═════ Material for this task ═════

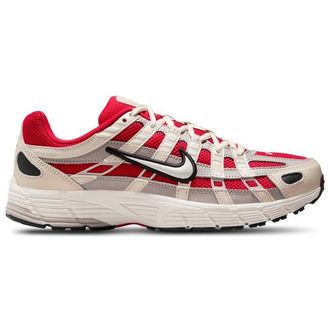 Nike Womens P-6000 - Running Shoes Soft Pearl/University Red/Black Size 10.0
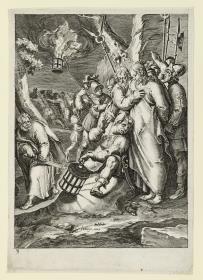 Die Gefangennahme Christi, Blatt 4 aus der Folge "Die Passion Christi"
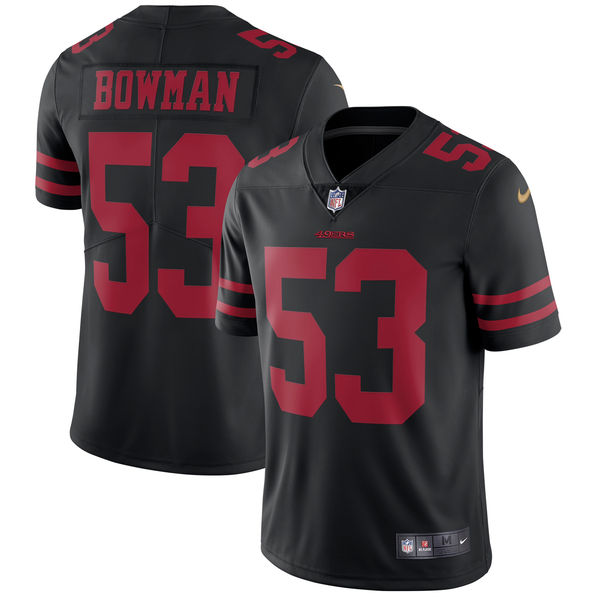 Men's San Francisco 49ers NaVorro Bowman Nike Black Vapor Untouchable Limited Player Jersey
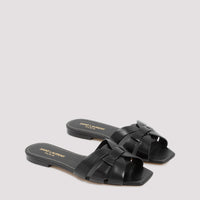 Saint Laurent Leather Tribute Flats Women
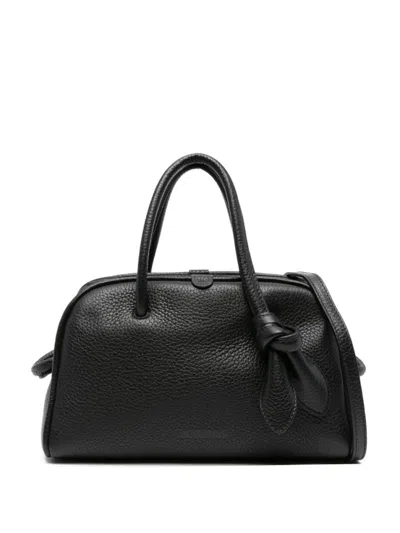 JACQUEMUS BLACK TURISMO SMALL DUFFLE BAG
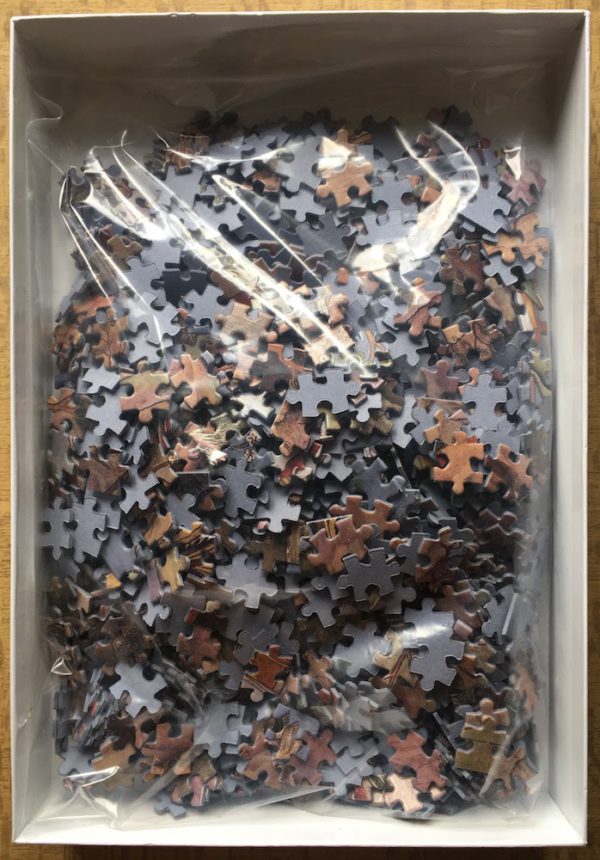 Image of the puzzle 1000, Sindbad, Zal intercède auprès de Simurgh, by Miskin, Complete, Picture of the bag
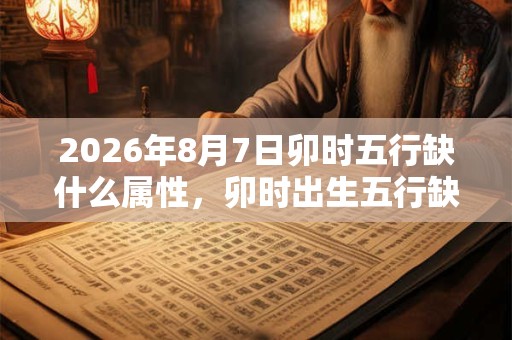 2026年8月7日卯时五行缺什么属性，卯时出生五行缺什么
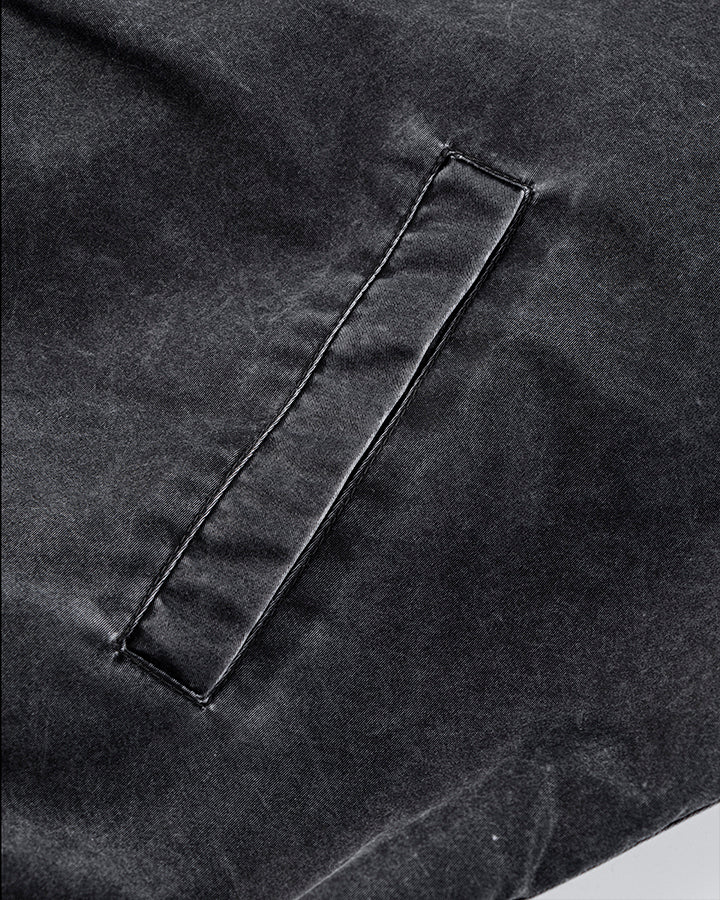 Washed Zip-Up Cotton Jacke - Image 6
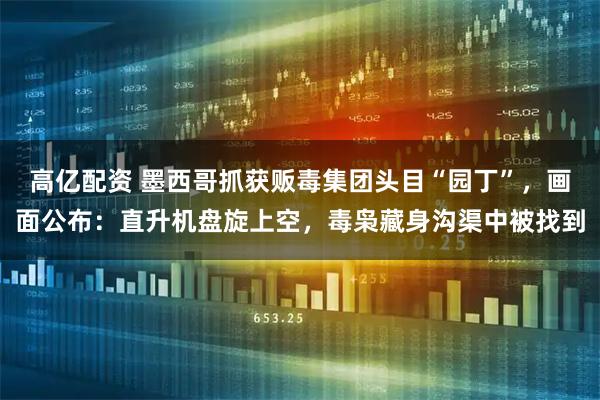 高亿配资 墨西哥抓获贩毒集团头目“园丁”，画面公布：直升机盘旋上空，毒枭藏身沟渠中被找到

═════

> **What is required**:
Would you write out the material above in full, exactly as given, except for its pictures?

> **The answer**:
 Nike Womens P-6000 - Running Shoes Soft Pearl/University Red/Black Size 10.0
 Die Gefangennahme Christi, Blatt 4 aus der Folge "Die Passion Christi"
 Men's San Francisco 49ers NaVorro Bowman Nike Black Vapor Untouchable Limited Player Jersey
 Saint Laurent Leather Tribute Flats Women
 JACQUEMUS BLACK TURISMO SMALL DUFFLE BAG
 Image of the puzzle 1000, Sindbad, Zal intercède auprès de Simurgh, by Miskin, Complete, Picture of the bag
 2026年8月7日卯时五行缺什么属性，卯时出生五行缺什么
 Washed Zip-Up Cotton Jacke - Image 6
 高亿配资 墨西哥抓获贩毒集团头目“园丁”，画面公布：直升机盘旋上空，毒枭藏身沟渠中被找到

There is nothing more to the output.